Once you get comfortable with notes like that, then you can move into building a portfolio with a self-directed IRA or placing notes with other people’s self-directed IRAs or other people’s money in general. We talked a lot about self-directed IRAs. These are great types of investments to put an IRA because they don’t require a lot of maintenance. The payers are paying the taxes. The payers are paying the insurance. You’re collecting or paying a servicing agent to collect the payments for you. They’re good for IRA, either a Roth or traditional IRA. Either way, they’re tax-free or tax-deferred, but they can certainly be bought and sold outside of there as well.
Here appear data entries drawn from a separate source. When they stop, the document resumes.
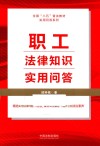 职工法律知识实用问答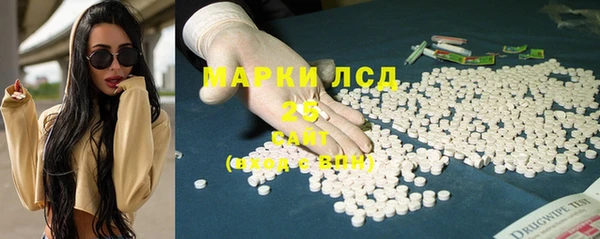 мескалин Абаза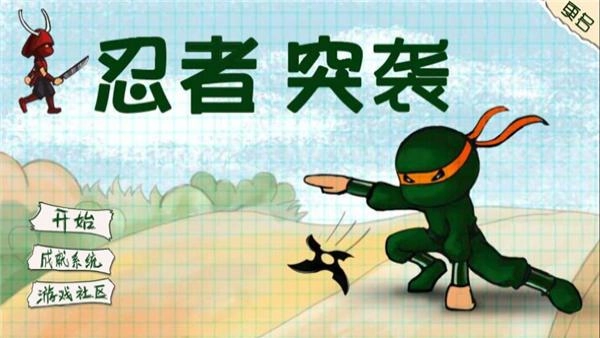 忍者突袭豪华版中文版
You move into that and then move into restructuring notes. We touched on that a little bit, but there are ways to entice payers to pay off early or change the terms that if you put it in a financial calculator, it’s going to give you a better return in the end. One of my favorite ways, the fifth way, would be partial participation. We do a lot of work with partial purchases, especially on notes where we might not want to buy the whole thing because the risk is a little bit high. We’ll go in and we’ll invest less. The payer is not going to want to sell everything for that smaller amount, but they can sell a portion of the payments, a portion of the time and that’s what we call partial participation. We do a lot of work. The fifth strategy that we use a lot is the partial participation strategy.
A lot of people don’t know that you can buy part of a note. Let’s say there are 180 payments left on a note and the person is not all that well seasoned or the property is not worth much more than the balances. You don’t want to take that entire risk yourself and buy the entire note. You buy the next 25 or 30 payments for a price. A lot of people don’t know you can do that. It’s a tremendously smart move. You can invest and hedge your bet at the same time because the note seller is not going to let you fail in that case if they’re owed a lot of money. They’re going to get out and protect you.
You’ve got the seller that’s still in the deal with you. You’ve lowered your investment to value. You’ve bought the portion of the note that’s most valuable, which is the more immediate payments rather than the ones way off in the future. You’re not having to discount if the seller is high. It’s more palatable to them as well. There are ways to split up partials. You don’t have to buy all of it. We might buy fifteen years of payments or we might buy 50% of the next 30 years of payments. There are different ways to split it up. We might buy 500, give 300 to an investor and take the other 200. There are all kinds of strategies you can use. You can do RAPs where you’re sending off the payment of the underlying. There are different strategies to use that all play into that whole partial participation.
One of the things that we teach people a lot on how to calculate cashflow is how to run those numbers. I personally love the HP-12C, that’s what I was taught. I also use key-value. I’m big on making those numbers match up. Key-value is nice because you can have a printout to show everybody what happens if the note pays off early if it goes into default. There are things that could happen. Often, it does not pay exactly the way the note says it should.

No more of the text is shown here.